Fotos sobrepostas mostrando a construção da Torre Eiffel entre 1887 e 1889. 

Estrutura

O local de construção da torre foi o Champ de Mars (Campo de Marte, nome dado a praças diante de bases, quartéis ou escolas militares) uma das maiores praças de Paris, situada diante da Escola Militar. As obras começaram em 28 de janeiro de 1887, mas somente em junho começou-se a erguer a torre, os meses anteriores foram necessários para a construção das fundações. Milhares de esboços foram produzidos para retratar as mais de 18 mil peças que formavam a estrutura, pois originalmente o projeto foi concebido para depois de algum tempo ser desmontado. Sendo assim, ele foi concebido de forma pré-fabricada para facilitar o desmonte, que felizmente nunca aconteceu. 

Originalmente a torre tinha 300 metros de altura (atualmente são 330 por conta da antena), sendo formada por 18.038 peças feitas de ferro forjado e algumas de aço, conectadas por 2,5 milhões de rebites. Eiffel empregou seus melhores construtores, soldadores, mestres de obras etc., para construir a monumental torre, a qual se tornou a mais alta estrutura construída pela humanidade até então. Na época isso inclusive gerou dúvidas. Engenheiros e arquitetos temiam que aquela torre tão alta poderia sucumbir as forças dos ventos, outros achavam que o peso da estrutura (estimado em 7 mil toneladas) acabaria não aguentando. Apesar desse pessimismo a torre foi concluída em dois anos. 

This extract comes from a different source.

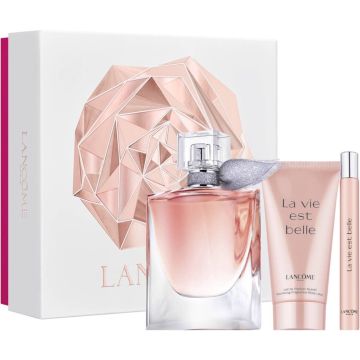 Lancome La Vie est Belle - Geschenkset - 50 ml Eau de parfum + 10 ml Pocketspray + 50 ml Body Lotion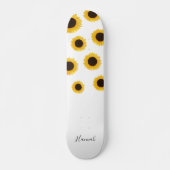 Skateboard Tournesol moderne personnalisé (Devant)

A Torre Eiffel possui três andares, o primeiro que é maior, abrigava na época da inauguração três restaurantes e um bar. No segundo andar se encontrava laboratórios para testes envolvendo altitude e mais um mirante. O terceiro andar que é o mais alto, continha o escritório de Eiffel, posto de correio e um mirante. Conectando esses andares foram construídos elevadores, embora que com o tempo suas posições e quantidades variaram. Mas ainda hoje é possível usar as escadas. 

Gustave Eiffel também fez questão de prestar homenagens. Como a torre era um símbolo da modernidade, dos tempos do progresso e das ciências, Eiffel mandou gravar o nome de 72 cientistas, que segundo ele, foram importantes para o desenvolvimento das ciências, de tecnologias e da história da França. Os 72 nomes são divididos em quatro grupos de dezoito nomes, e rodeiam o primeiro andar. 

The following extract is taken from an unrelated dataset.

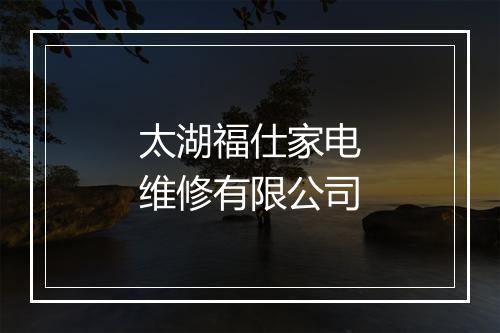 太湖福仕家电维修有限公司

Os nomes de Laplace, Dulong, Chasles, Lavosier e Ampère, entre os homenageados na Torre Eiffel. 

Inauguração

Antes mesmo da inauguração ser realizada na Exposição Universal de 1889, a própria construção da torre já era uma sensação desde 1887 quando começou a ser erguida. Os jornais parisienses noticiavam empolgados a obra que crescia. Apesar que críticas negativas também vieram. Pessoas se manifestaram contrárias a obra não apenas por temer que a torre poderia cair por conta do vento, mas porque aquela torre era muito grande, era muito extravagante. Alguns defendendo um discurso artístico, diziam que aquele colosso de ferro forjado era uma afronta a bela arquitetura e paisagem parisiense. 

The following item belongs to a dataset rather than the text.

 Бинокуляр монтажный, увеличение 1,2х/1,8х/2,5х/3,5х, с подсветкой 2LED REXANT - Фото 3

A Exposição Universal de Paris de 1889 ocorreu de 6 de maio a 31 de outubro e como já era esperado a Torre Eiffel foi a grande sensação daquela edição. Estima-se que mais de 30 milhões de pessoas tenham visitado a exposição que contou com mais de 25 mil expositores de 35 países, incluindo o Brasil. 

Cartão comemorativo da Exposição Universal de 1889, mostrando a Torre Eiffel e os pavilhões e prédios construídos para o evento no Champ de Mars. 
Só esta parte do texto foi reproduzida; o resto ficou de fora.